- Directed by: Gordon Douglas
- Written by: Kenneth Gamet
- Produced by: Harry Joe Brown
- Starring: Randolph Scott George Macready Louise Allbritton
- Cinematography: Charles Lawton Jr.
- Edited by: Charles Nelson
- Music by: George Duning Paul Sawtell
- Production company: Producers-Actors Corporation
- Distributed by: Columbia Pictures
- Release date: May 27, 1949;
- Running time: 90 minutes
- Country: United States
- Language: English

= The Doolins of Oklahoma =

1949 film by Gordon Douglas

The Doolins of Oklahoma is a 1949 American Western film directed by Gordon Douglas and starring Randolph Scott, George Macready and Louise Allbritton.
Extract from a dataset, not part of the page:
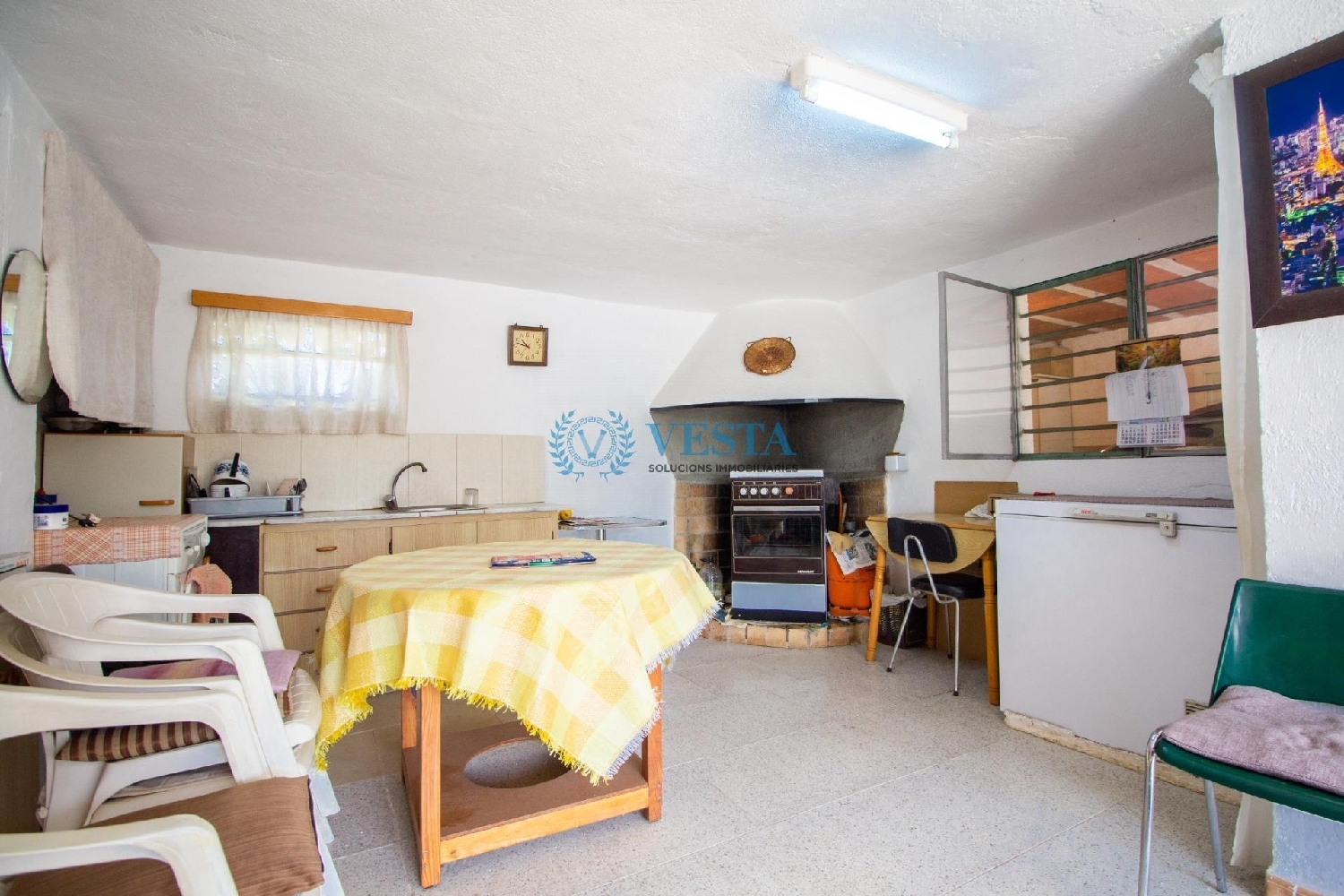  till salu hus Barriada Les Tres Creus Bages 5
It was distributed by Columbia Pictures.

==Plot==
Former Dalton gang member Bill Doolin puts together his own bank-robbing gang but federal Marshals are closing in.

==Cast==
- Randolph Scott as Bill Doolin / Bill Daley
- George Macready as Marshal Sam Hughes
- Louise Allbritton as Rose of Cimarron
- John Ireland as Bitter Creek
- Virginia Huston as Elaine Burton
- Charles Kemper as Thomas "Arkansas" Jones
- Noah Beery Jr. as Little Bill
- Dona Drake as Cattle Annie
- Robert Barrat as Marshal Heck Thomas
- Lee Patrick as Melissa Price
- Griff Barnett as Deacon Burton
- Frank Fenton as Red Buck
- Jock Mahoney as Tulsa Jack Blake (as Jock O'Mahoney)

==Reception==
In his 2007 review, Dennis Schwartz gave the movie a grade of B, describing it as "a familiar Western formulaic set-up of a good man caught by circumstances and trapped in a life of crime" and stating "The old-fashioned story leaves a lot to be desired, but the cast takes it seriously and makes the unbelievable look as believable as possible."